Exercise objective ::
Reproduce the listing that follows word for word, without its pictures.

Data for this task ::
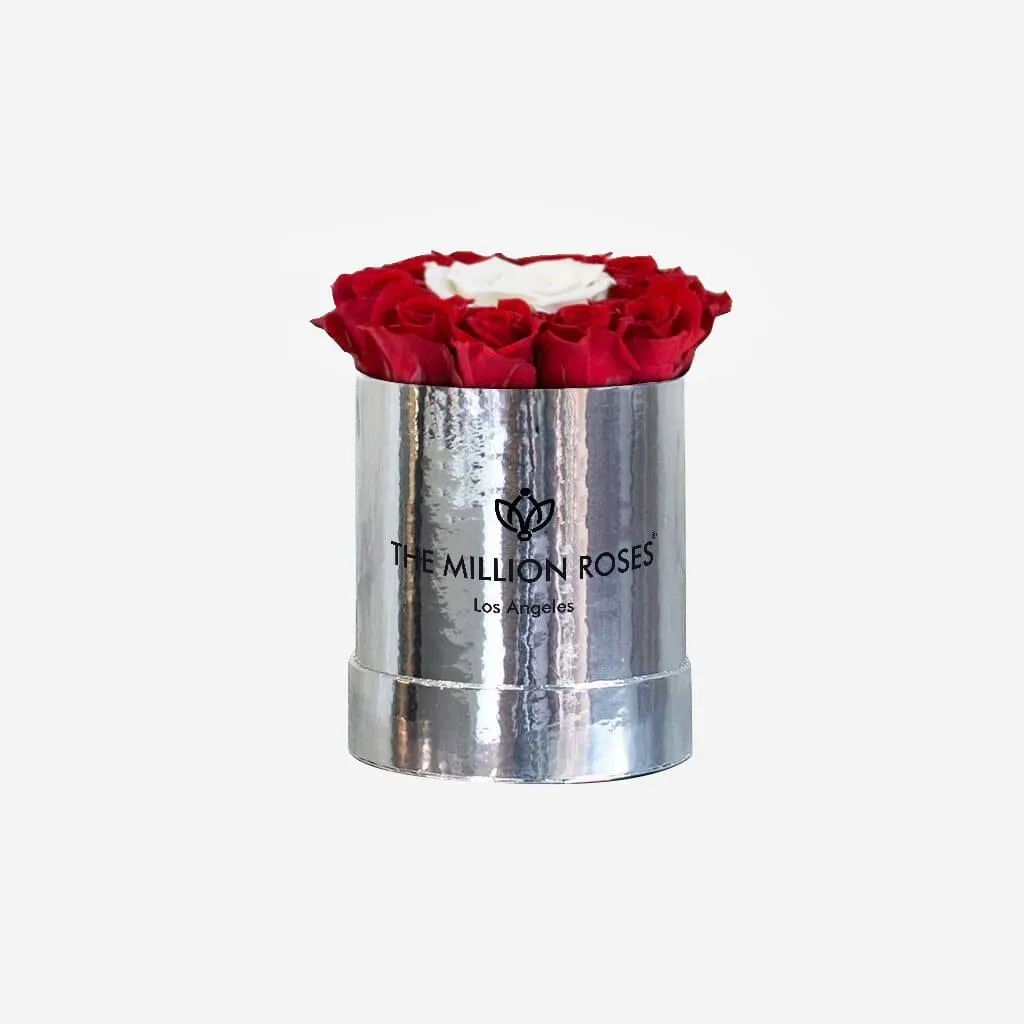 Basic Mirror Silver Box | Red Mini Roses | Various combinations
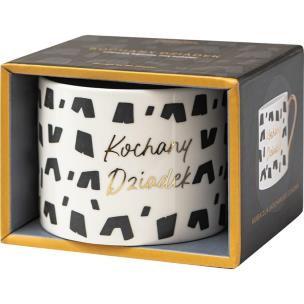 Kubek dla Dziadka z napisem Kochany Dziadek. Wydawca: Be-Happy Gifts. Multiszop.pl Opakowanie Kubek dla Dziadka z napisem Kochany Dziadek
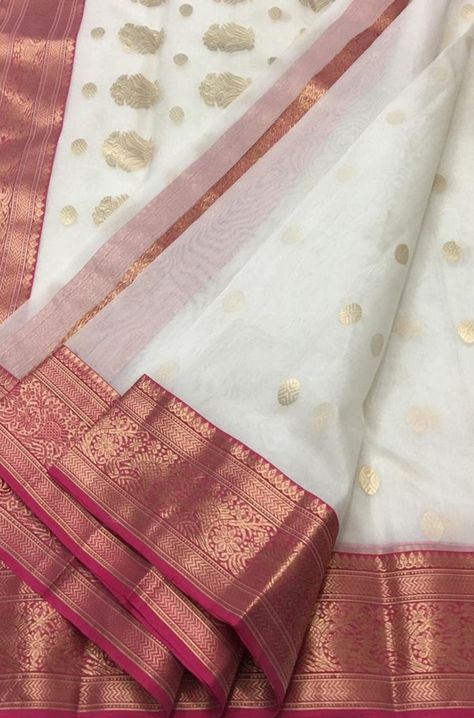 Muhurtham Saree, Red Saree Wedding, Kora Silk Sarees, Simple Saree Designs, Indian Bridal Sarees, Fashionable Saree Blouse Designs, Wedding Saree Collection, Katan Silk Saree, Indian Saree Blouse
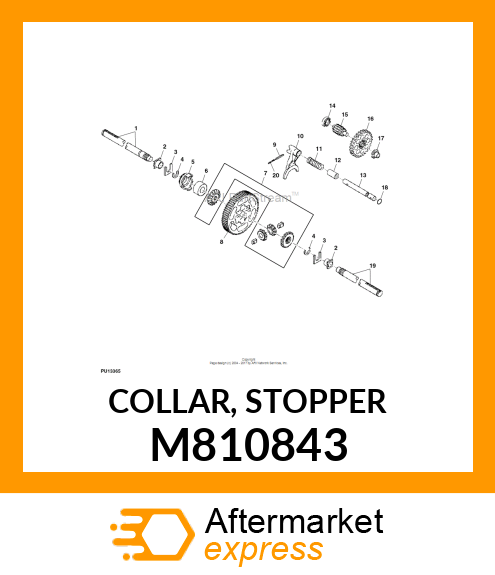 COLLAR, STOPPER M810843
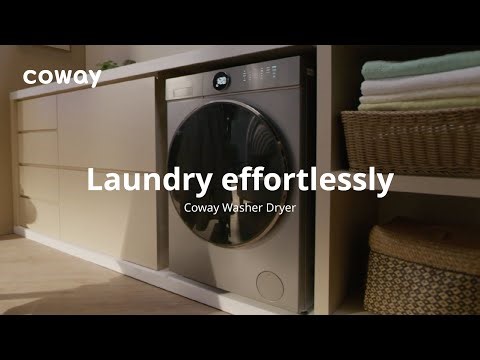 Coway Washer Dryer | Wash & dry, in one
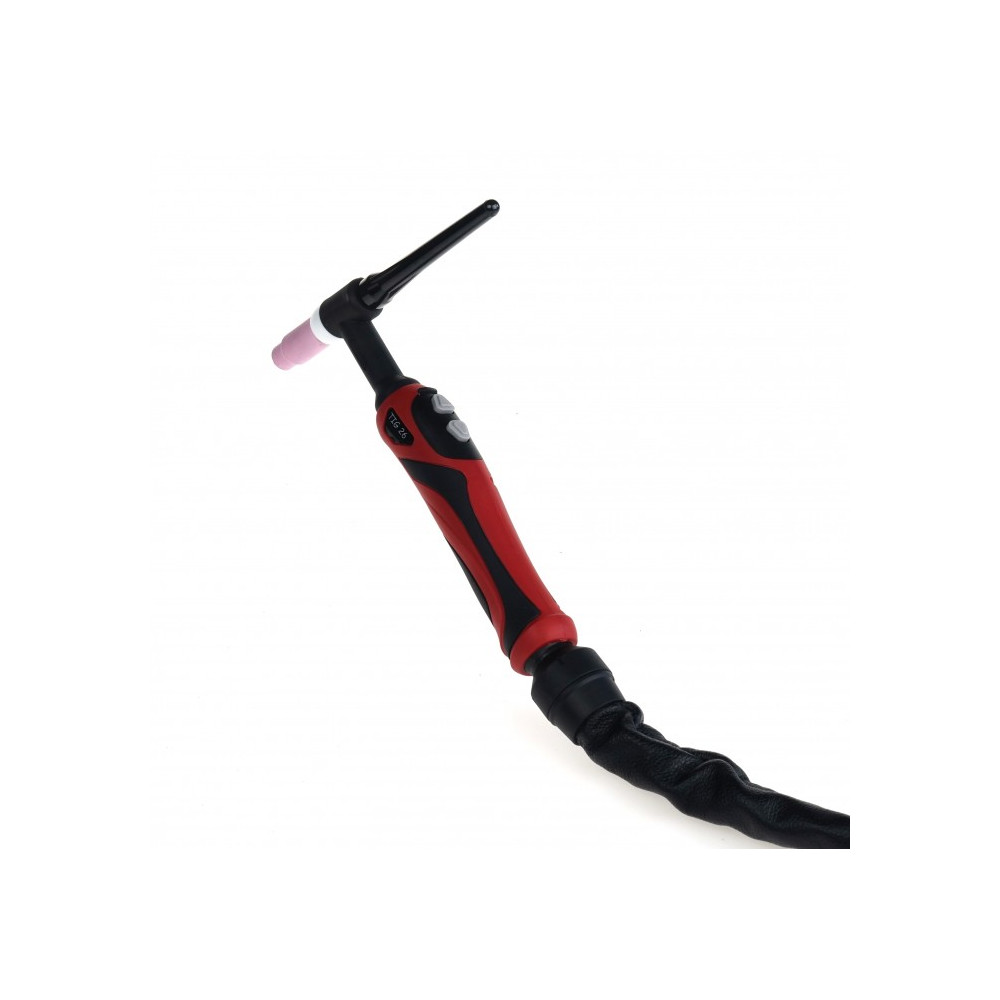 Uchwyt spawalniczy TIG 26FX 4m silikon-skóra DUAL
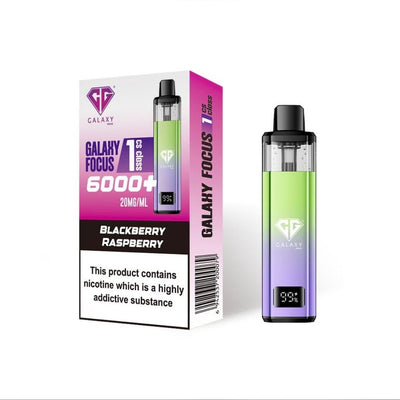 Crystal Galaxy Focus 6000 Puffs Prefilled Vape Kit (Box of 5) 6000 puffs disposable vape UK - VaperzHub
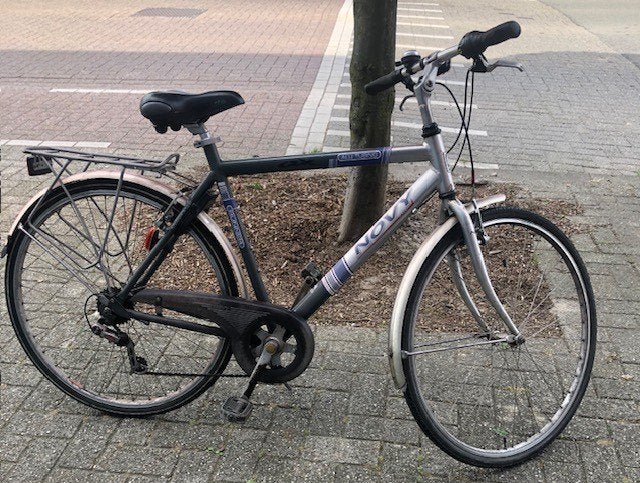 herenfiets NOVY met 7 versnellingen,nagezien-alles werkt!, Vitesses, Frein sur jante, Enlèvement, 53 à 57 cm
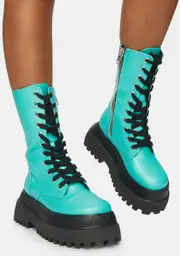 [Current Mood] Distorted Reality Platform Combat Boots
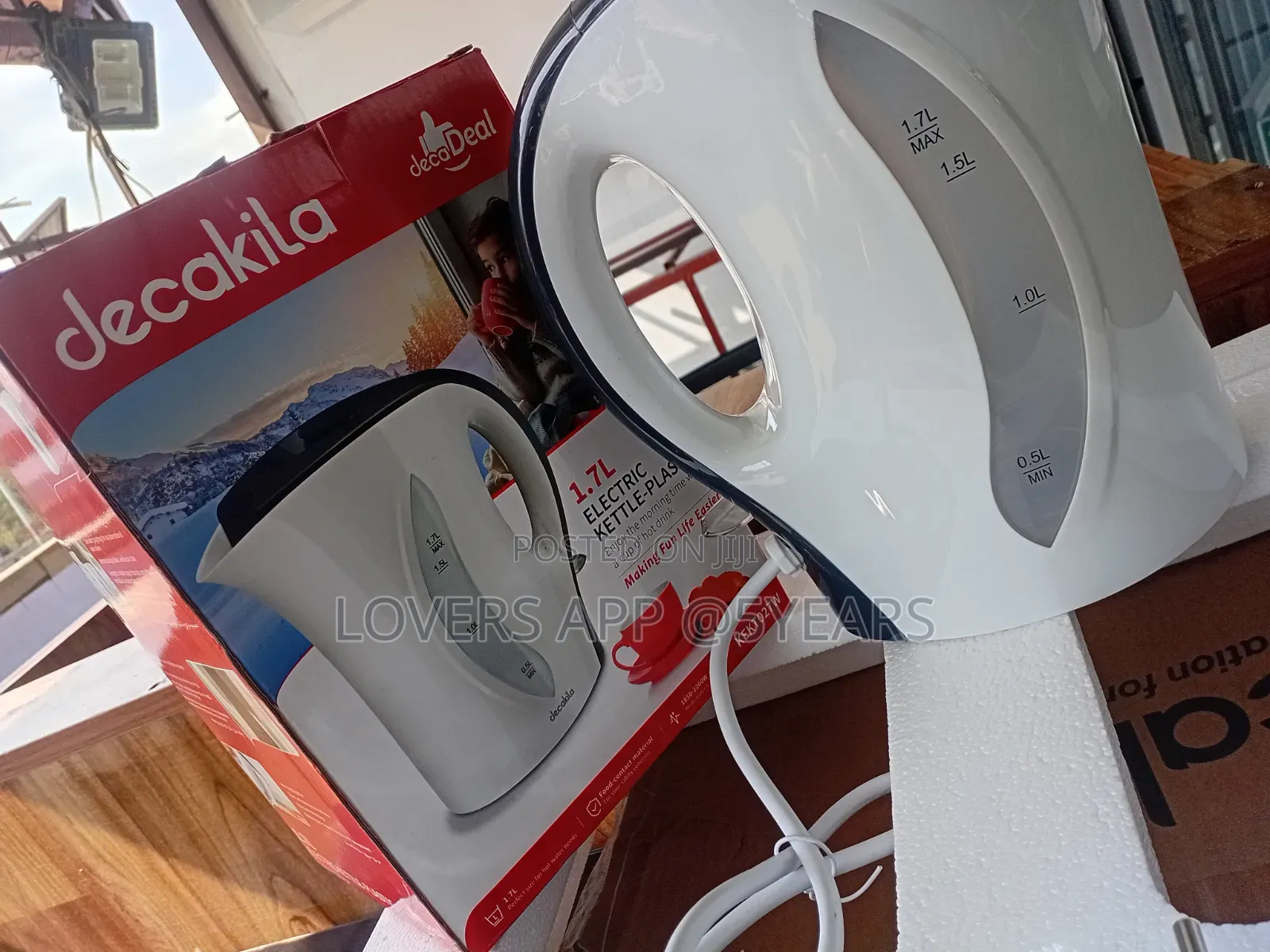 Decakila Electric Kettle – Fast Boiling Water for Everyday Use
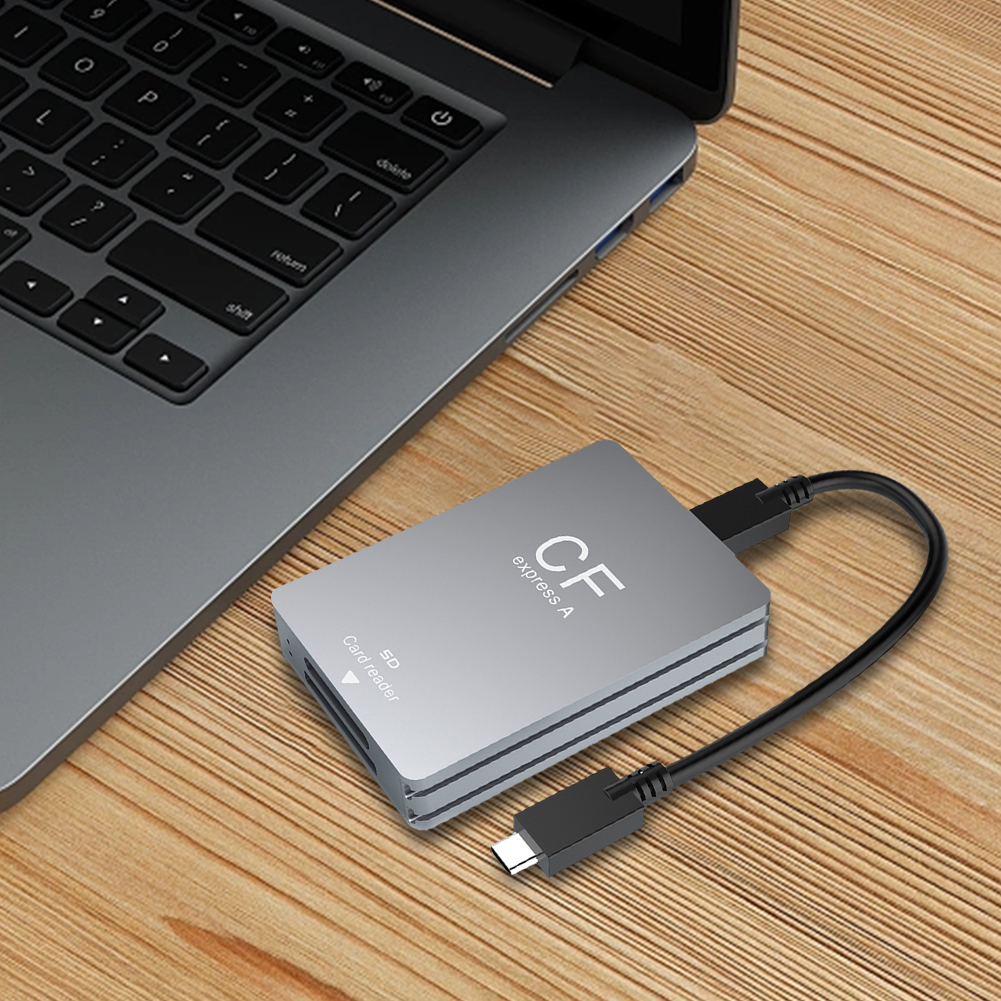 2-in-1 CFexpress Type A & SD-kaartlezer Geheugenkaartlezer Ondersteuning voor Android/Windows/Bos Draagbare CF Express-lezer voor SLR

Your solution ::
 Basic Mirror Silver Box | Red Mini Roses | Various combinations
 Kubek dla Dziadka z napisem Kochany Dziadek. Wydawca: Be-Happy Gifts. Multiszop.pl Opakowanie Kubek dla Dziadka z napisem Kochany Dziadek
 Muhurtham Saree, Red Saree Wedding, Kora Silk Sarees, Simple Saree Designs, Indian Bridal Sarees, Fashionable Saree Blouse Designs, Wedding Saree Collection, Katan Silk Saree, Indian Saree Blouse
 COLLAR, STOPPER M810843
 Coway Washer Dryer | Wash & dry, in one
 Uchwyt spawalniczy TIG 26FX 4m silikon-skóra DUAL
 Crystal Galaxy Focus 6000 Puffs Prefilled Vape Kit (Box of 5) 6000 puffs disposable vape UK - VaperzHub
 herenfiets NOVY met 7 versnellingen,nagezien-alles werkt!, Vitesses, Frein sur jante, Enlèvement, 53 à 57 cm
 [Current Mood] Distorted Reality Platform Combat Boots
 Decakila Electric Kettle – Fast Boiling Water for Everyday Use
 2-in-1 CFexpress Type A & SD-kaartlezer Geheugenkaartlezer Ondersteuning voor Android/Windows/Bos Draagbare CF Express-lezer voor SLR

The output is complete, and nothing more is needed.